=== DATA SHOWN ===
+--
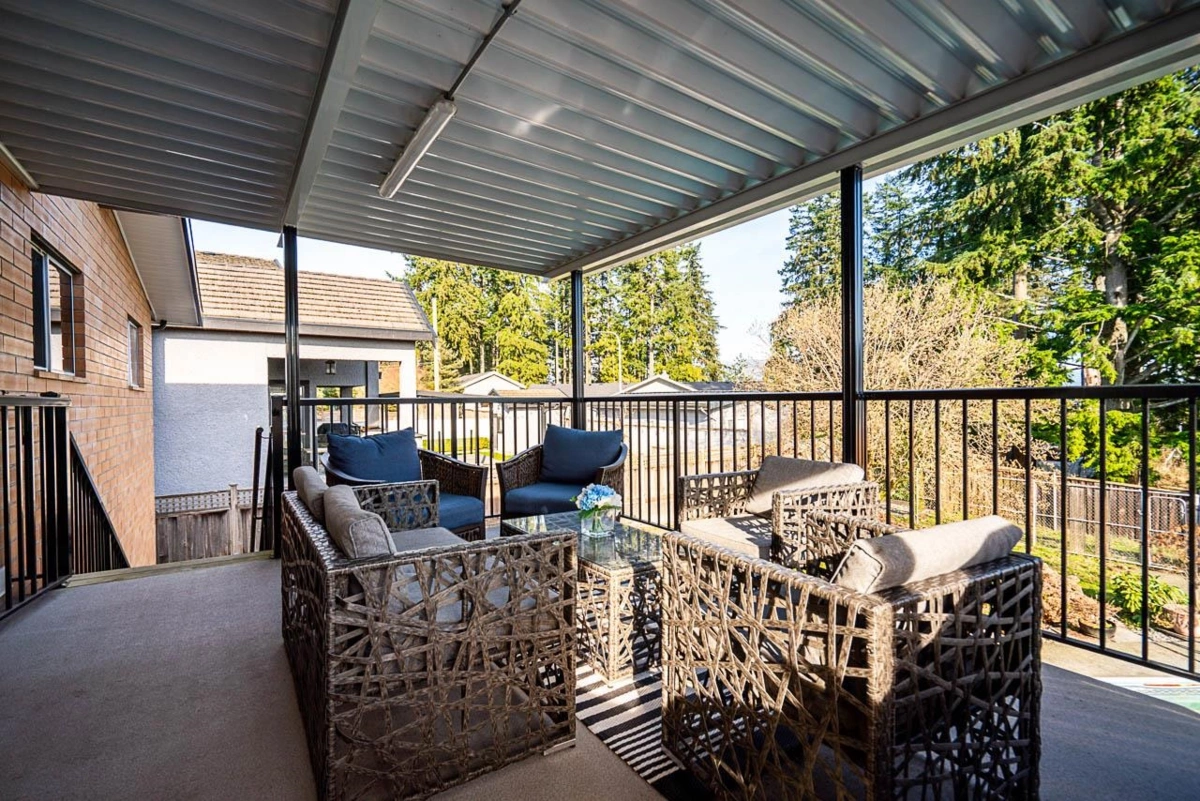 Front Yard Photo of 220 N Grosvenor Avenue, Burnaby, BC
+--
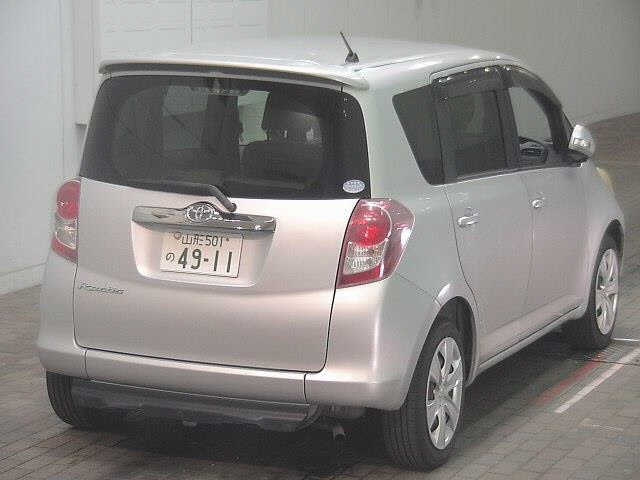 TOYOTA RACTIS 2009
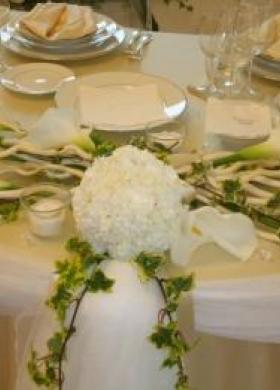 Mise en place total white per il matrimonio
+--
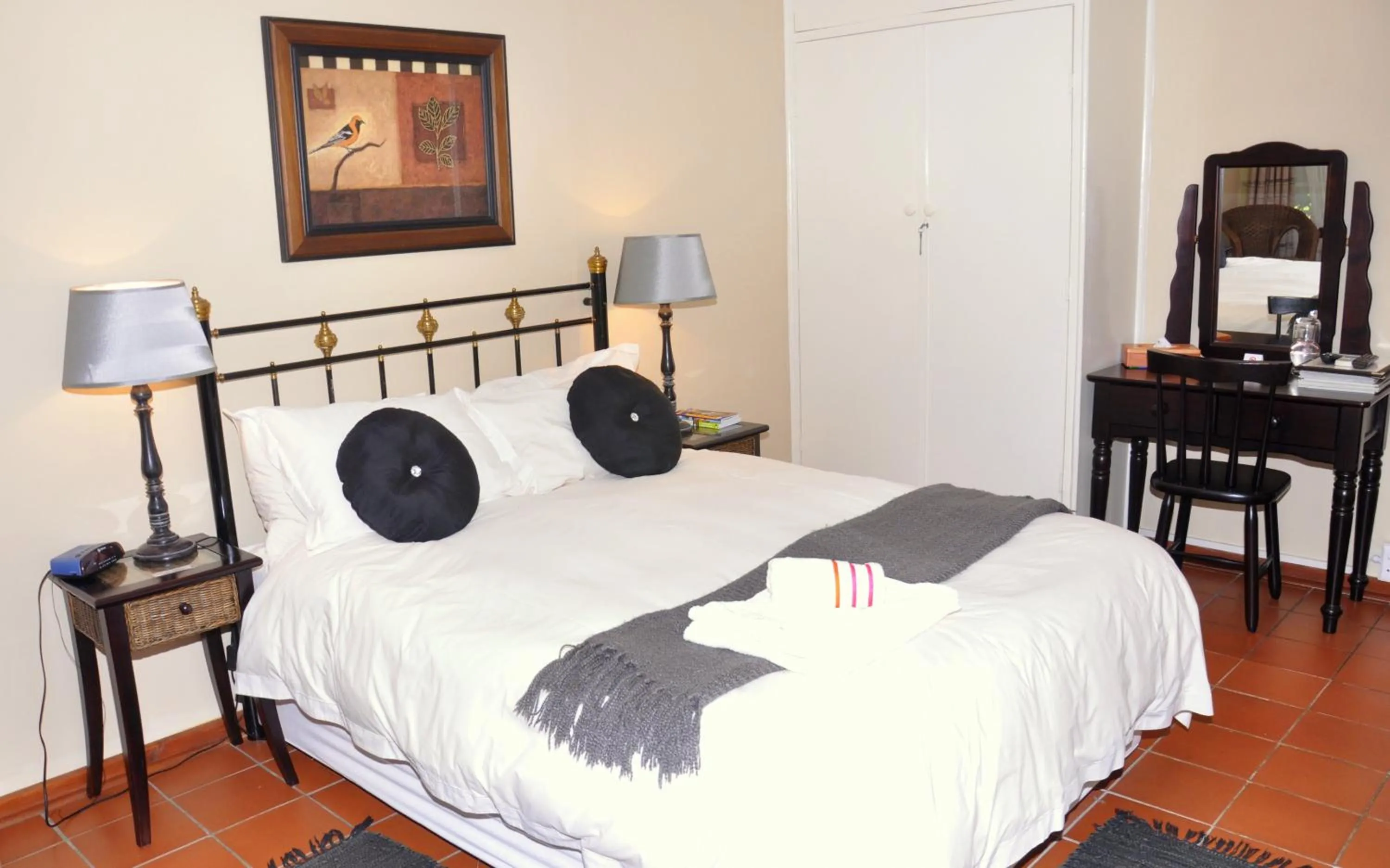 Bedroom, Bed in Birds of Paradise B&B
+--
=== ASSIGNMENT ===
Although the records above contain pictures, the copy should not; retype exactly the lines from the one containing "TOYOTA RACTIS 2009" through the one containing "Mise en place total white per il matrimonio".

=== SOLUTION BELOW ===
 TOYOTA RACTIS 2009
 Mise en place total white per il matrimonio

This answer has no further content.